Setelah semua jus calamansi habis dikonsumsi, jumlah peserta yang tersisa adalah 2.700. Babak ini lebih mudah, sehingga tidak banyak yang didiskualifikasi.
Kemudian,
“Sekarang, saatnya untuk memilih lagi…”
Sekali lagi, pembawa acara bertanya apakah para peserta akan menyerah dan menerima 6 juta Tower Coins atau melanjutkan tantangan dan menargetkan empat kali lipatnya, yaitu 24 juta Tower Coins.
Tentu saja, tidak ada yang menyerah, dan hidangan ketiga Pugaro pun disajikan.
“Hidangan ketiga Pugaro adalah roti kastanye berukuran super besar!”
Saat tuan rumah memperkenalkan hidangan tersebut, para staf membawa roti-roti besar di atas nampan.
Roti yang ukurannya hampir sebesar mobil kompak.
Kriuk. Kriuk.
Cuengi dengan santai menghabiskan bahkan roti Blackie dan menunggu hidangan berikutnya. Sejujurnya, dia bahkan belum kenyang 10% pun.
Setelah hidangan ketiga selesai, tersisa 2.000 peserta.
“Hidangan selanjutnya adalah salad pare!”
Tak lama kemudian hidangan keempat disajikan.
Hadiahnya kini melonjak menjadi 5 kali lipat, yaitu 120 juta Tower Coins.
Kueng!
[Rasanya terlalu pahit!]
Bagi Cuengi, yang sangat membenci kepahitan, ini adalah bahaya nyata pertama.
Haruskah saya menyerah?
Saat Cuengi menatap salad pare itu, ragu apakah akan melanjutkan atau tidak,
“Meong?! Kenapa baunya busuk sekali, meong?!”
Theo terkejut, menyadari wajah Sejun lebih membusuk dari yang dia duga. Kondisi Sejun sangat buruk, tidak bisa diatasi dengan uang yang mereka miliki.
Dia tidak bisa menghentikan proses penyembuhan di tengah jalan karena lukanya sudah terbuka. Itu akan lebih berbahaya bagi Sejun.
Aku butuh lebih banyak uang, meong!
Theo perlu menghasilkan tambahan 1.000 triliun Tower Coin dalam waktu satu jam.

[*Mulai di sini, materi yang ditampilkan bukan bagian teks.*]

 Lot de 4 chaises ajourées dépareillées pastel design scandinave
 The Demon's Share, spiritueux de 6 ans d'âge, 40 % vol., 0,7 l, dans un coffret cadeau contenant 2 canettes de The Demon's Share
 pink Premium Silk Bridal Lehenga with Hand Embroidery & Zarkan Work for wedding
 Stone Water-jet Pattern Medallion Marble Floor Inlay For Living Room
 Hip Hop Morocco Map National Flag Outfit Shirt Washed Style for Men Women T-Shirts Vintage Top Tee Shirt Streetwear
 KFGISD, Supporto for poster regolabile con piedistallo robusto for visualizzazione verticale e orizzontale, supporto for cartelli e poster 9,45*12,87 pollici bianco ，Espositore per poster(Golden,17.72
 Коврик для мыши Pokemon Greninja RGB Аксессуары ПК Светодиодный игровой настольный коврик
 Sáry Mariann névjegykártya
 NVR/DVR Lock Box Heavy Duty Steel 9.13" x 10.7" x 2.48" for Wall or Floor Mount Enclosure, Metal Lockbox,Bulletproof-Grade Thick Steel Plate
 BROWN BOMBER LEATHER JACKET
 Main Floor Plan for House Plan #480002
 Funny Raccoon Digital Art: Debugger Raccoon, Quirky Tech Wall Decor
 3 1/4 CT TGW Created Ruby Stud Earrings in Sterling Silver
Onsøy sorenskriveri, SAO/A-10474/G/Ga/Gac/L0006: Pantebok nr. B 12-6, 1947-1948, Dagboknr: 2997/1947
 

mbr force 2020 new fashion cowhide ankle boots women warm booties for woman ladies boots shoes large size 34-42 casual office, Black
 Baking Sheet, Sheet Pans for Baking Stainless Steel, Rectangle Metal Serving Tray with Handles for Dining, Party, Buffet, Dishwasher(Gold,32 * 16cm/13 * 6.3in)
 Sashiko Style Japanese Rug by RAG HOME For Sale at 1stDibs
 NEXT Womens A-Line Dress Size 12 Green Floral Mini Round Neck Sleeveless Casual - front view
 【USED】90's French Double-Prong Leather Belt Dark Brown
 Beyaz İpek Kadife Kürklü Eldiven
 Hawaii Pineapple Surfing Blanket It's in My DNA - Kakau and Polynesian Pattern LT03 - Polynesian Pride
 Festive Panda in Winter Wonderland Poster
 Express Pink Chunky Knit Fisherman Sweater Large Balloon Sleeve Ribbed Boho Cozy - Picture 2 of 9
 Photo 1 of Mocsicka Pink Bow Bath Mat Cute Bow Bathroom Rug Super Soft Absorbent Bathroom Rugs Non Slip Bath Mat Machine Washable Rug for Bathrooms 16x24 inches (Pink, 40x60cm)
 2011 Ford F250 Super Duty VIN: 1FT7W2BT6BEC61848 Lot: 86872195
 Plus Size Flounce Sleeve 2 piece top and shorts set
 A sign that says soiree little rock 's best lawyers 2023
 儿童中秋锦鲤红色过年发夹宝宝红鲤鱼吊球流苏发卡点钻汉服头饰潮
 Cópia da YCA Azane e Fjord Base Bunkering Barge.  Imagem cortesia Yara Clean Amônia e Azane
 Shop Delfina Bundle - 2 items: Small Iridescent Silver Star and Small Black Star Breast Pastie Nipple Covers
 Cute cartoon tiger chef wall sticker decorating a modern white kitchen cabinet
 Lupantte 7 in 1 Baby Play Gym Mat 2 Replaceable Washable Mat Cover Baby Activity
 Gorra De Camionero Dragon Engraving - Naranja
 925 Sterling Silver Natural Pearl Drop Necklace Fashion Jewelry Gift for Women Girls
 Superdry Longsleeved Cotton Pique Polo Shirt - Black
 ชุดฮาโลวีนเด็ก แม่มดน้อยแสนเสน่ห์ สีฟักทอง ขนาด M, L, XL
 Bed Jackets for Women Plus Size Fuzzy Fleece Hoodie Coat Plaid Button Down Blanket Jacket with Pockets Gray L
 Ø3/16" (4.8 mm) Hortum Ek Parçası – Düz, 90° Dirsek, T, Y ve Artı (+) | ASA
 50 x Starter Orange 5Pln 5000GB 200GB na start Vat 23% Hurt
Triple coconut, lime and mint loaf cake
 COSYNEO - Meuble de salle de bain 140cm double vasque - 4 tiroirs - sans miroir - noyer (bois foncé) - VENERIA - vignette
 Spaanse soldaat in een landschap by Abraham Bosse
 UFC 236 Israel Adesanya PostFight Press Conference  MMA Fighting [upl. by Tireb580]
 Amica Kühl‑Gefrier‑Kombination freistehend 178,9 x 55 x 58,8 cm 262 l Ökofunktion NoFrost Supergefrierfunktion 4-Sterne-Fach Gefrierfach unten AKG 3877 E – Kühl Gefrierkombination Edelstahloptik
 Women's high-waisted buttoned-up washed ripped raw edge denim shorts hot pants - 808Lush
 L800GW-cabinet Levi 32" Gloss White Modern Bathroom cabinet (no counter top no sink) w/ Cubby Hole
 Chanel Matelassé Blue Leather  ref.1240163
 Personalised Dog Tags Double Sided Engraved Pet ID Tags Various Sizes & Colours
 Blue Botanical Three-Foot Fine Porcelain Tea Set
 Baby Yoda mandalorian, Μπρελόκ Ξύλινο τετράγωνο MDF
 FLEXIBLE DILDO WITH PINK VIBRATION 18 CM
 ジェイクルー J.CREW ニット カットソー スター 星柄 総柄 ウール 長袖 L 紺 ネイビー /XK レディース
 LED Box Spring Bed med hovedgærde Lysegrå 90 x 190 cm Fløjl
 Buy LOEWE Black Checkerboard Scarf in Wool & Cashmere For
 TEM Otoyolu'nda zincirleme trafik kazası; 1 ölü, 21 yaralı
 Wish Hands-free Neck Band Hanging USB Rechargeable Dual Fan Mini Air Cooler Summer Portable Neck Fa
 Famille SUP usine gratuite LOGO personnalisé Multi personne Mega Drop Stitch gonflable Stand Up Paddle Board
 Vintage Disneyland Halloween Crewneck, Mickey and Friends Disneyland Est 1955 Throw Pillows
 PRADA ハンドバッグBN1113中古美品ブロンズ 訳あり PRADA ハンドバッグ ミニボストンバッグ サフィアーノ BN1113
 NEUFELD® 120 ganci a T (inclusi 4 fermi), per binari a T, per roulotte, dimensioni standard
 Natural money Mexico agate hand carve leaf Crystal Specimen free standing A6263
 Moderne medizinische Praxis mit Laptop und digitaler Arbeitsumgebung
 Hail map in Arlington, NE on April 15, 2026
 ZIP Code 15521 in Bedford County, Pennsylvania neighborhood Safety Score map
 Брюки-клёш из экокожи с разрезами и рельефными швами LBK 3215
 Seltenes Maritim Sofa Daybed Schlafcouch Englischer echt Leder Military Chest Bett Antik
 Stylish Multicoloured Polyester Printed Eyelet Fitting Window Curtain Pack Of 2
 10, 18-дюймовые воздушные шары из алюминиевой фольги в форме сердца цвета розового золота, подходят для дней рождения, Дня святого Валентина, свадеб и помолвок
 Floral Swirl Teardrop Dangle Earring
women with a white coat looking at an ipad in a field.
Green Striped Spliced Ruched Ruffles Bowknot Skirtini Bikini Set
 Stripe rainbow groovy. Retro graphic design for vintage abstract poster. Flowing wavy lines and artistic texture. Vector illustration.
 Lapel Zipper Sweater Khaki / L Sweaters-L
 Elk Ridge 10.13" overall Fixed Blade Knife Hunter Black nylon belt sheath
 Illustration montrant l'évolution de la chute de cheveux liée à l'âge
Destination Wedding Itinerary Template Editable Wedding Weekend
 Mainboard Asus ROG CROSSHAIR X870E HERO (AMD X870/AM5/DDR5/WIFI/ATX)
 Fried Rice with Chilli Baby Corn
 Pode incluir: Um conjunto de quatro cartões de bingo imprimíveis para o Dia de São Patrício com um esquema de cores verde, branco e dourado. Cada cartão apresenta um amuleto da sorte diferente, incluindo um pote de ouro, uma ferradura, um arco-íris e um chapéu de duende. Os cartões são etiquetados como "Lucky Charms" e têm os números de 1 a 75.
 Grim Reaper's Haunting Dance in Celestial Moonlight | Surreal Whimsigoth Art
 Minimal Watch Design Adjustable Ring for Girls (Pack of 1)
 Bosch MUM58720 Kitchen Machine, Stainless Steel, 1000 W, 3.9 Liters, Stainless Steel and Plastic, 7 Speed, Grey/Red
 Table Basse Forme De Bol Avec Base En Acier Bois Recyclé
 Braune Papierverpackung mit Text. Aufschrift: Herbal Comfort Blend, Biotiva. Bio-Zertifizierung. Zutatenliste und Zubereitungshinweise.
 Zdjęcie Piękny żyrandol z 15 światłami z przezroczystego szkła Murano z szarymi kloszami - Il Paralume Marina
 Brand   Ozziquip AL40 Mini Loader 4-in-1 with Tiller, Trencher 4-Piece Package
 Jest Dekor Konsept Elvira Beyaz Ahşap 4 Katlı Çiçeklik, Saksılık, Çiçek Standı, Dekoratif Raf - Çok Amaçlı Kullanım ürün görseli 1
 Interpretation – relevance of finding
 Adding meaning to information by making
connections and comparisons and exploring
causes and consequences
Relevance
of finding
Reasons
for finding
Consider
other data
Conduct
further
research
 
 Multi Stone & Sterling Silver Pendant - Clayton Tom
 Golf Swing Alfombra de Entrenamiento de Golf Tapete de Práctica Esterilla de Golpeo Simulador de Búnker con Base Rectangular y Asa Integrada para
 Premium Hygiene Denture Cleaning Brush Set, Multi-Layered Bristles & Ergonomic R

Sebuah krisis bagi keluarga Sejun.
Pada saat itu,
Kriuk. Kriuk.
Jika aku memakan kesepuluhnya, Cuengi bisa menghasilkan banyak uang! Cuengi akan mendapatkan banyak uang dan membantu membayar pengobatan Ayah!
Cuengi mulai menahan rasa pahit salad pare, bertahan demi Sejun.